Position Summary: The document control manager is an integral part of the Ossium Health Quality Management System (QMS). This position is responsible for control, security, accessibility, and timeliness of organizational documents such as policies, procedures, guidelines, forms, templates, and training materials.
- Help develop and enforce documentation design, review, and storage guidelines. Establish a complete and accurate index of company documents. Maintain paper and electronic files in the Quality document management system in accordance with Company policies and procedures, federal regulations, and accreditation requirements. Manage retention and archival schedule as well as off-site storage vendors as needed to archive and retrieve documents as necessary.
- Manage organizational documentation through the document life cycle, including document issuance, format review, routing for approval, scanning documents in electronic systems and maintaining hard copy as applicable. Ensure the security, accessibility, approval and proper distribution of organizational documents.
- Act as internal Subject Matter Expert on Document Control System. Provide training programs that encourage continuous improvement, personal development, and support accreditation and GXP regulations. Develop, maintain, and deliver training material in support of accreditation and GXP regulations.
- Support departments in collecting and maintaining files necessary to support the manufacturing process (i.e., SOPs, batch records, specifications, investigations, etc.), as well as facilitate the obsolescence, cataloguing and archival process.
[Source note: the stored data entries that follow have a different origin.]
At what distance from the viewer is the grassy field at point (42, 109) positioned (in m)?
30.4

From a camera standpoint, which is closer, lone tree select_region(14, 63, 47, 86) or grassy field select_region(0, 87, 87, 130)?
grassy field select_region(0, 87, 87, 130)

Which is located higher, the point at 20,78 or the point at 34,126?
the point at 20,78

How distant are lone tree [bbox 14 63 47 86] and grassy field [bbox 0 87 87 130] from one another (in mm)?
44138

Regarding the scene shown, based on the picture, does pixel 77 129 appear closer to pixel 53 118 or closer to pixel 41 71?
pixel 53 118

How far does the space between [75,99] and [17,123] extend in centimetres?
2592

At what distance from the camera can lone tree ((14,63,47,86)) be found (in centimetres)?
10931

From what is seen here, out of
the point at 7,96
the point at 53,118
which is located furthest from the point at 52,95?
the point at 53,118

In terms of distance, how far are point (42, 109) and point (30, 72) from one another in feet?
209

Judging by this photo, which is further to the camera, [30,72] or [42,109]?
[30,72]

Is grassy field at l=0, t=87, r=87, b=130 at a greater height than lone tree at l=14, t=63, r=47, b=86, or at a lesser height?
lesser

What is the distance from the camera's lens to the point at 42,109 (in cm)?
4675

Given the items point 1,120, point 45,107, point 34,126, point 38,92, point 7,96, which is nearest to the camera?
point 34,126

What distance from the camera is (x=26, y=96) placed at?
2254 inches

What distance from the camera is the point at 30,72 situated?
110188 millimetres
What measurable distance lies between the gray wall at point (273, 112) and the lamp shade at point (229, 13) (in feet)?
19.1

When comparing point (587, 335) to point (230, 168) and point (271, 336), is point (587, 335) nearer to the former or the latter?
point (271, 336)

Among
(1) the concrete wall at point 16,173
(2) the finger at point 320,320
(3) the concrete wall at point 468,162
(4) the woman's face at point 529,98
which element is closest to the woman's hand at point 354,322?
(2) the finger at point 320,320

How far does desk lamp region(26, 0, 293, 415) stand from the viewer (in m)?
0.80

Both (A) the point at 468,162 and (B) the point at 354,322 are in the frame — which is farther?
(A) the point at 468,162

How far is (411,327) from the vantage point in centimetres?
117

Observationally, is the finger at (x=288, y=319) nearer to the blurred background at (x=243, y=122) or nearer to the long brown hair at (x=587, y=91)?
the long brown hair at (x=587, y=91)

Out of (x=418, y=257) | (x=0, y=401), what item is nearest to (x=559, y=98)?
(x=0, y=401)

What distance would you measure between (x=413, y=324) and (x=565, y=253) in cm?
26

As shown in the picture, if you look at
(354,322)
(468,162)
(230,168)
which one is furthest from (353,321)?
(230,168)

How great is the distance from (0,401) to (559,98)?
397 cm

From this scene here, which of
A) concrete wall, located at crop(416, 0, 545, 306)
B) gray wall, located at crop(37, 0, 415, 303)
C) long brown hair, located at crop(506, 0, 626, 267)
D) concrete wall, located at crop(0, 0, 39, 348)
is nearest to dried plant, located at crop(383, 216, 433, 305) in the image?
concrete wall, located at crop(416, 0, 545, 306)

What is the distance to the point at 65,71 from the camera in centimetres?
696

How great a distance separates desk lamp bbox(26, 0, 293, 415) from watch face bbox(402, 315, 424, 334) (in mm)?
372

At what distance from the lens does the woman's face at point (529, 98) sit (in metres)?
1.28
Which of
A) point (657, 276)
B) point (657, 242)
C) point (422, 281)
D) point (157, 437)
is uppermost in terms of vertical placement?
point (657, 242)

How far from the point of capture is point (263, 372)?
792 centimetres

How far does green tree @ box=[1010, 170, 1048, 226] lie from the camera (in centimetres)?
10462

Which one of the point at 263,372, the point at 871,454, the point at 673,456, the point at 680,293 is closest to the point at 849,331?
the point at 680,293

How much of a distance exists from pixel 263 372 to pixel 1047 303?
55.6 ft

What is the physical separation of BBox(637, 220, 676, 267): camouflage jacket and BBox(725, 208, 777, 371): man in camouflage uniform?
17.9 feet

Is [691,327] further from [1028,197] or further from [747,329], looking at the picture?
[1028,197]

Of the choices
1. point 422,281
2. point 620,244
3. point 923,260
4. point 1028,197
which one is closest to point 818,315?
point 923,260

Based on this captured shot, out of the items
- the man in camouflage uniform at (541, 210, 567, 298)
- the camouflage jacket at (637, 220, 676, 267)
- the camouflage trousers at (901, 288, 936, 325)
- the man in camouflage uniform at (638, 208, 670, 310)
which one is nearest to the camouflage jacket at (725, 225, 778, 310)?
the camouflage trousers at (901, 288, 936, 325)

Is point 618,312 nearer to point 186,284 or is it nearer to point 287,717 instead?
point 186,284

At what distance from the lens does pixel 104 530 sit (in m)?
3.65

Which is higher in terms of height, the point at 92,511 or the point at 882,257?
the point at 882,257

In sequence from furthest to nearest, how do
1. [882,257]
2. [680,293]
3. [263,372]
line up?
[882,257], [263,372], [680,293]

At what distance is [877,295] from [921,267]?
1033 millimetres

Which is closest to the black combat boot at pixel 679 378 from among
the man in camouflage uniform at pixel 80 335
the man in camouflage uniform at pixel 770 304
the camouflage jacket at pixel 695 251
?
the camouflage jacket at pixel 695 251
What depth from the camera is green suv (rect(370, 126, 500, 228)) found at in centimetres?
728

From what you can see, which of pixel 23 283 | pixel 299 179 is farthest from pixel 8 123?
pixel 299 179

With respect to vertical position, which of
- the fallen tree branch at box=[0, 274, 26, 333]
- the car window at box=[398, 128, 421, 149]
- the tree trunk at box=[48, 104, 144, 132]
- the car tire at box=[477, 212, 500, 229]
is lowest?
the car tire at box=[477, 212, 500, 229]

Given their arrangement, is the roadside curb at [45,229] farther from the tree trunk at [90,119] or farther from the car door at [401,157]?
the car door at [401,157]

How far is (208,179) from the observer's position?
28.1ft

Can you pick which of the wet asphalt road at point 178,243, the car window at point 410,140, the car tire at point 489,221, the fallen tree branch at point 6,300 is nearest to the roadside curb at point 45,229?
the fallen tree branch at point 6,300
- Work with IT to administer electronic systems and assign/approve user privileges.
- Support regulatory compliance and accreditation through generation and maintenance of required systems and documents.
- Develop, maintain and report metrics to support the continuous improvement of Quality Systems.
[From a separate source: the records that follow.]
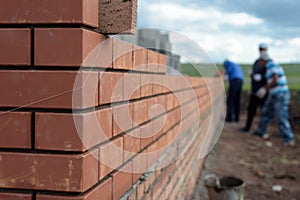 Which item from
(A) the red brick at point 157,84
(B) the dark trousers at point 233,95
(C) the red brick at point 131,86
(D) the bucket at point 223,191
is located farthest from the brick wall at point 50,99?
(B) the dark trousers at point 233,95

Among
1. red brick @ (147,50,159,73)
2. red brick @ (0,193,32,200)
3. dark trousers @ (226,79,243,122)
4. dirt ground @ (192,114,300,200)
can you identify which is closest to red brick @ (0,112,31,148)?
red brick @ (0,193,32,200)

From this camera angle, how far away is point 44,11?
112cm

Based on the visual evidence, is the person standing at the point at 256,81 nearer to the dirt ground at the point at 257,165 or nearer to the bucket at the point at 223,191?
the dirt ground at the point at 257,165

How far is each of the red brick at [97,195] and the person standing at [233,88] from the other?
1031 centimetres

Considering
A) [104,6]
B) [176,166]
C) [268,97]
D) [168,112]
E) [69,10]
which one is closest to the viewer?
[69,10]

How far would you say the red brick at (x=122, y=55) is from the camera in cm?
141

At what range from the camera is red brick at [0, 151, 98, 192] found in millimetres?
1121

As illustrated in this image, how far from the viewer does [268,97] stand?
906 centimetres

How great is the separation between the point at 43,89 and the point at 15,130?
148 mm

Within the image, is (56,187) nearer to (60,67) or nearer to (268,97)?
(60,67)

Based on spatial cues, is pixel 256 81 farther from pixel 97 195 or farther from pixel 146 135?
pixel 97 195

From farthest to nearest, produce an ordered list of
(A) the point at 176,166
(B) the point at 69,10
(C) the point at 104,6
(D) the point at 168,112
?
(A) the point at 176,166, (D) the point at 168,112, (C) the point at 104,6, (B) the point at 69,10

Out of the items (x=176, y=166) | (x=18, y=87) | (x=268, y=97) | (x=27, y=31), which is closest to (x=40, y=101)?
(x=18, y=87)

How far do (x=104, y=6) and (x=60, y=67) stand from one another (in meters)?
0.31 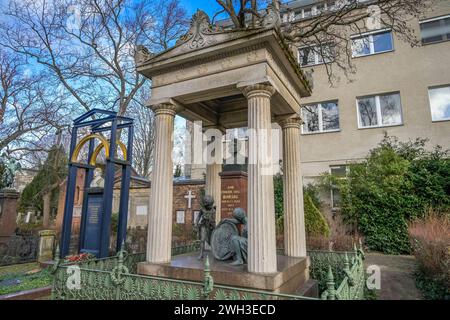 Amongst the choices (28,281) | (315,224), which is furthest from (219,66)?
(315,224)

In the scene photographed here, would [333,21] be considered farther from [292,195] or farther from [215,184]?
[215,184]

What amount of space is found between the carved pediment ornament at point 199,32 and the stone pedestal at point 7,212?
11.9 meters

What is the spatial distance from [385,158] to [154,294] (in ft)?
36.8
- A bachelor’s degree in biological sciences, physical sciences, information technology, or associated area of study is required. Experience using document management systems is required and experience in developing documents or managing content in document control system software is preferred. ASCP/MLS certification and clinical laboratory, blood bank or tissue bank experience are also highly preferred.
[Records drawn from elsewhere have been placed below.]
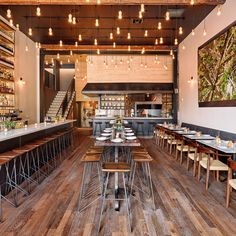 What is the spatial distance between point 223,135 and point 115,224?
405 cm

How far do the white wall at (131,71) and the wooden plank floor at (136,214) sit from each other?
8.59 m

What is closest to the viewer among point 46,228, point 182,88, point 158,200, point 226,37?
point 46,228

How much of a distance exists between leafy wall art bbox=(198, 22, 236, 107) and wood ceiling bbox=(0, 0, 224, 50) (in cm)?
97

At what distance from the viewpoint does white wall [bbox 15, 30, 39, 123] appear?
956cm

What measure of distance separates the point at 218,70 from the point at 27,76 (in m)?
7.71

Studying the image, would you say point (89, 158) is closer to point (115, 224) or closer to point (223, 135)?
point (115, 224)

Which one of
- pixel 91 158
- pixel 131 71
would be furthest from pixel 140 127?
pixel 91 158

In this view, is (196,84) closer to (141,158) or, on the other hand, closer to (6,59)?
(141,158)

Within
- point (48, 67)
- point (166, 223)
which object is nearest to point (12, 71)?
point (166, 223)

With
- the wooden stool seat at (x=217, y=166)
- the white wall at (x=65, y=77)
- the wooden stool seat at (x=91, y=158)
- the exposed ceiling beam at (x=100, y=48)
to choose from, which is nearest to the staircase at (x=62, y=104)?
the white wall at (x=65, y=77)

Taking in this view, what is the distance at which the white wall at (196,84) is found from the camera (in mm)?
5988

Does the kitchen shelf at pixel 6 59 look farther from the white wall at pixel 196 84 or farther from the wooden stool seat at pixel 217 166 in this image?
the wooden stool seat at pixel 217 166

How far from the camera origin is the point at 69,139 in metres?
10.1

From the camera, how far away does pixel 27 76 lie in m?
10.7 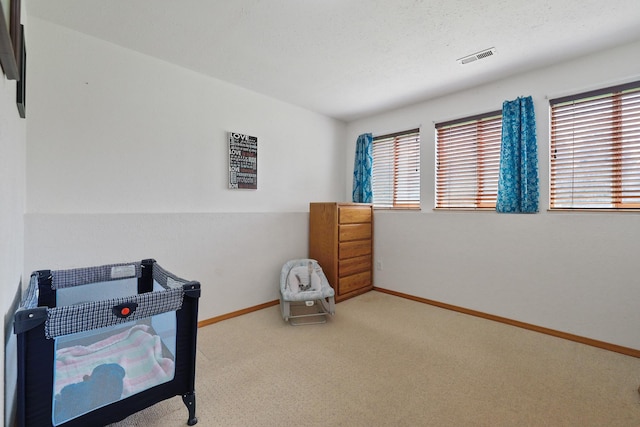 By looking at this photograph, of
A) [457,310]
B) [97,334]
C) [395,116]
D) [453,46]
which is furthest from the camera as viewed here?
[395,116]

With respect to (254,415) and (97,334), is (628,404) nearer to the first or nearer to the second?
(254,415)

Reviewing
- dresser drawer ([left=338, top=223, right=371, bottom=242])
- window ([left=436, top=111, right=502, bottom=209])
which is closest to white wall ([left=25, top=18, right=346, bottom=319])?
dresser drawer ([left=338, top=223, right=371, bottom=242])

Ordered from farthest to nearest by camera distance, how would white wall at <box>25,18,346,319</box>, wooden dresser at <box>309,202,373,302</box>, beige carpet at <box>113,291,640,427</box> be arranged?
1. wooden dresser at <box>309,202,373,302</box>
2. white wall at <box>25,18,346,319</box>
3. beige carpet at <box>113,291,640,427</box>

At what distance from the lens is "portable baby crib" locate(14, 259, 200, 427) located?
3.58 feet

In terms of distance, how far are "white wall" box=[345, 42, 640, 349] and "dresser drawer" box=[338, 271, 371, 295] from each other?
32 cm

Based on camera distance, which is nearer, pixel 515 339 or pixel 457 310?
pixel 515 339

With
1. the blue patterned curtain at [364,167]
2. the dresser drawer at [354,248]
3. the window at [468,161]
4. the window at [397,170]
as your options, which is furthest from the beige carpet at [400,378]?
the blue patterned curtain at [364,167]

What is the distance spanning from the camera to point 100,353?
4.37 ft

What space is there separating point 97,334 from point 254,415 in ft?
2.99

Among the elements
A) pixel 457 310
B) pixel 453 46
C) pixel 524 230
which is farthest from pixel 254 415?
pixel 453 46

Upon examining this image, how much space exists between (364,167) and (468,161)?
134 centimetres

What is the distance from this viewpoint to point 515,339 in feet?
8.10

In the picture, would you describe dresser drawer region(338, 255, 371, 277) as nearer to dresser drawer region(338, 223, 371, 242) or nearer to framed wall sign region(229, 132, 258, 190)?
dresser drawer region(338, 223, 371, 242)

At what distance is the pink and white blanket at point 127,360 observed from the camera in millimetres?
1241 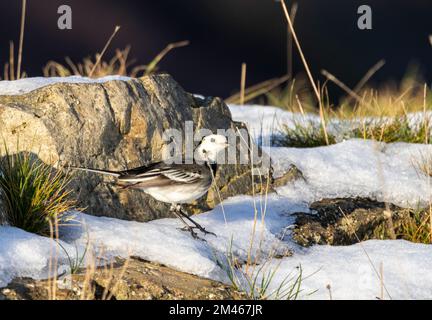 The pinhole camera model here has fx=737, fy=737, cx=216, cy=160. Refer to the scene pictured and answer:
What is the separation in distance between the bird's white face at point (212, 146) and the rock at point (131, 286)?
1.38 meters

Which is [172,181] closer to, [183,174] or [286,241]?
[183,174]

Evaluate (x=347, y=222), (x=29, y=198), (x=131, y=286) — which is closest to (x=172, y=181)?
(x=29, y=198)

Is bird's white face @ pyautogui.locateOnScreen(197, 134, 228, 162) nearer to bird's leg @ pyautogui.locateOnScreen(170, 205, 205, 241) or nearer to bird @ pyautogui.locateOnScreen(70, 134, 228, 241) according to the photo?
bird @ pyautogui.locateOnScreen(70, 134, 228, 241)

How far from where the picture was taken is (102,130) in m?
5.40

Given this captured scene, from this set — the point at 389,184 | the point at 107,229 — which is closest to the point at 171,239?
the point at 107,229

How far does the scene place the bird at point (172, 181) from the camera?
16.7ft

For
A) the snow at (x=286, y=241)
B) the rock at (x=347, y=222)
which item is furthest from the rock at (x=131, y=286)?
the rock at (x=347, y=222)

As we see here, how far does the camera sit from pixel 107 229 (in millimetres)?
4770

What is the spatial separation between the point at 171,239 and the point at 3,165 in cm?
122

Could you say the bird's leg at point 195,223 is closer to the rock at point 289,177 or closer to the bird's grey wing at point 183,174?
the bird's grey wing at point 183,174

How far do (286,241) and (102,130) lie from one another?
5.14ft

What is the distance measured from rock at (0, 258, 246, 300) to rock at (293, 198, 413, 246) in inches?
54.3

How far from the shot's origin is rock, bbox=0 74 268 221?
205 inches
- The ability to communicate well with technical subject matter experts and document users is crucial.
- Good computer skills with basic knowledge of Microsoft programs, particularly Outlook, Word, Excel, etc. Knowledge of LIMS (Laboratory Information Management System), SAP (Systems, Applications & Products in Data Processing) and/or other electronic Quality Management Systems is a plus. The ability to work independently, or within a team structure, and on multiple projects, with flexibility to adapt to changing priorities is required.
Knowledge of FDA, CLIA, AATB, and AABB regulations and standards, and experience implementing new document control systems, 21CFR11 validations and technical writing experience preferred.